I've got a harness and leash if you want it.


----------



## Nick (Feb 4, 2016)

Would love that, thanks


----------



## Hawkshot99 (Feb 4, 2016)

Nick said:


> Bvibert was also generous to give me some of his edgy wedgies.



How is he supposed to ski now?


----------



## Nick (Feb 4, 2016)

Zing


----------



## wa-loaf (Feb 4, 2016)

Nick said:


> Would love that, thanks



Still working in Marlboro? I'll dig it out of the basement. I'm home Thursdays and Fridays or I could just hang it from the mailbox.


----------



## dlague (Feb 4, 2016)

wa-loaf said:


> I've got a harness and leash if you want it.

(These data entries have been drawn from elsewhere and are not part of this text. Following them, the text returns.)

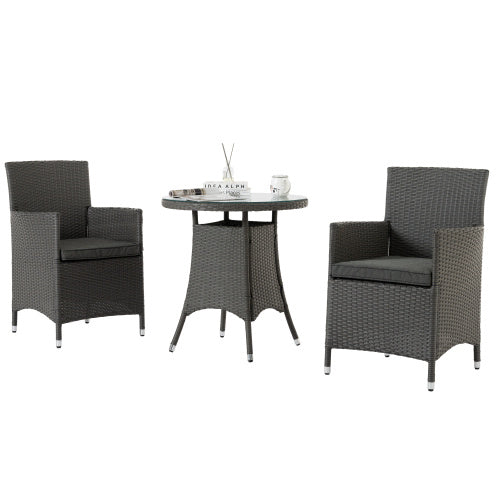 3-piece Outdoor Dining Table Set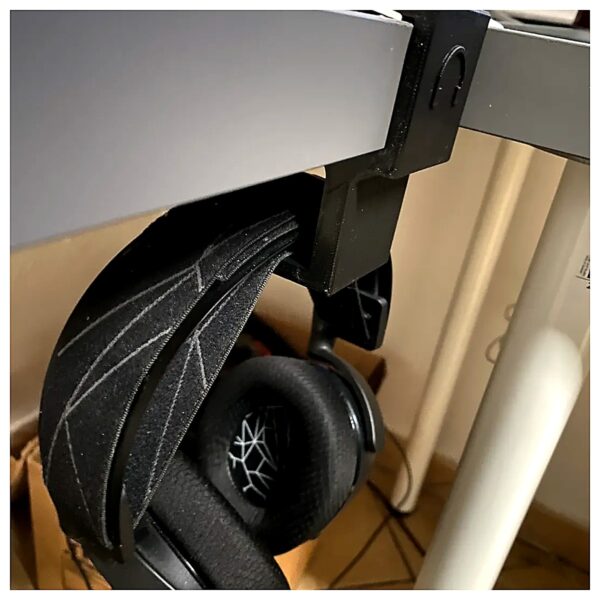 Desktop Headphone Stand Organizer Phone Holder Bracket Accessory Earbuds Shelf Desk Organizer Phone Stand Mobile Holder Lazy Person Essential Desktop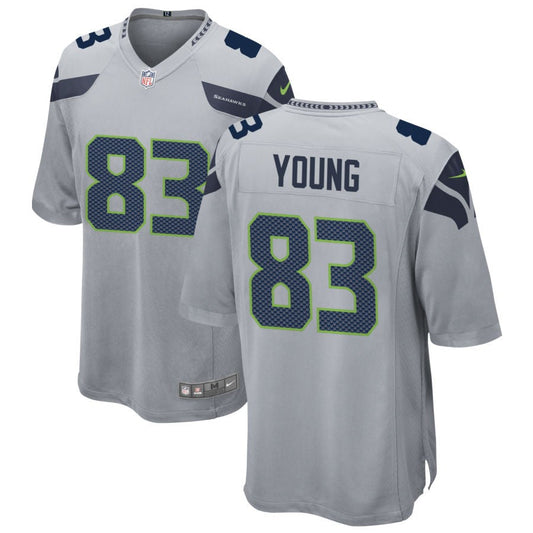 Dareke Young Seattle Seahawks Nike Youth Game Jersey - Gray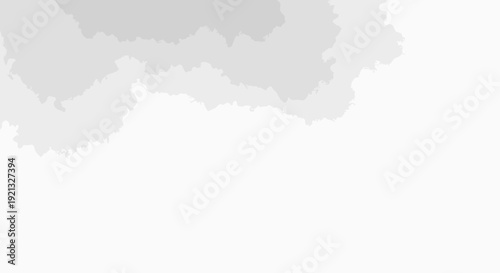 Abstract watercolor-like paint splatters in shades of gray on a white background.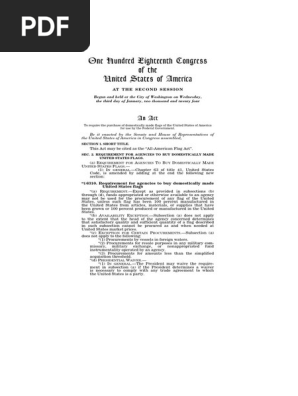 All-American Flag Act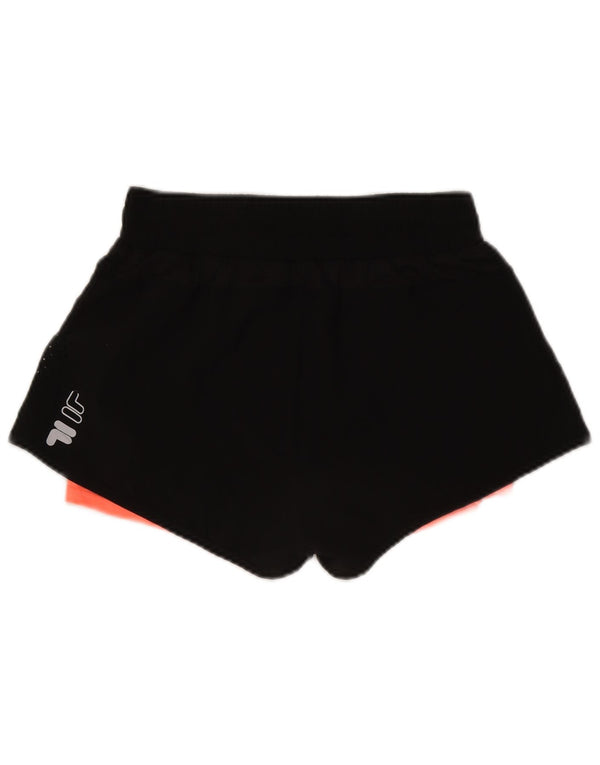 Pantaloni scurti de sport grafic Fila pentru femei UK 12 Medium Black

Harness is a good way to start.  Then again, nick, I think we had that chair lift discussion.


----------



## Whitey (Feb 5, 2016)

Nick -

I've got some stuff.   I was going to just donate it to our town's ski swap but I missed it this year.   Let me dig them out tonight.  I'll take some pics and note the sizes.   If its something that will work for you - you can have them, we can just work something out on the shipping charges.


----------



## deadheadskier (Feb 5, 2016)

How about skis for a 10 month old?  My son can pull himself up and steady himself standing while holding onto my legs.  I think he's ready!!!!


----------



## Whitey (Feb 6, 2016)

Nick -

I've got these.   The Blizzards are 120CM, the Heads are 125CM.   You can have them if you want them.   I am sure I've got some boots somwhere in a box in the attic too.   But check that boot size & let me know, "size 8" sounds too big unless you mean a "youth size 8".  My youngest just turned 13 and he wears a 8.5 size boot.

The Blizzards:


The Heads:


----------



## wa-loaf (Feb 6, 2016)

Whitey said:


> Nick -
> 
> I've got these.   The Blizzards are 120CM, the Heads are 125CM.   You can have them if you want them.   I am sure I've got some boots somwhere in a box in the attic too.   But check that boot size & let me know, "size 8" sounds too big unless you mean a "youth size 8".  My youngest just turned 13 and he wears a 8.5 size boot.
> 
> ...



Good deal and Nick should take you up on those, but that size is better suited for an 8-9 year old. Nick should be looking for 70-80 skis.


----------



## Whitey (Feb 6, 2016)

wa-loaf said:


> Good deal and Nick should take you up on those, but that size is better suited for an 8-9 year old. Nick should be looking for 70-80 skis.



Yikes!   I'm out of practice on the really little kid stuff - sorry.    Ping me in about 4 yrs. . .

I'll dig around some more - i may have smaller.


----------



## Nick (Feb 7, 2016)

Whitey said:


> Nick -
> 
> I've got some stuff.   I was going to just donate it to our town's ski swap but I missed it this year.   Let me dig them out tonight.  I'll take some pics and note the sizes.   If its something that will work for you - you can have them, we can just work something out on the shipping charges.



That would be awesome! I'll pm you. 

Went yesterday and rented , I'll post up a trip report later


----------



## Nick (Feb 8, 2016)

wa-loaf said:


> Good deal and Nick should take you up on those, but that size is better suited for an 8-9 year old. Nick should be looking for 70-80 skis.




I was just googling length bc it sounded long haha. I rented at wachusett last weekend. I'll def get something at a ski swap next year.


----------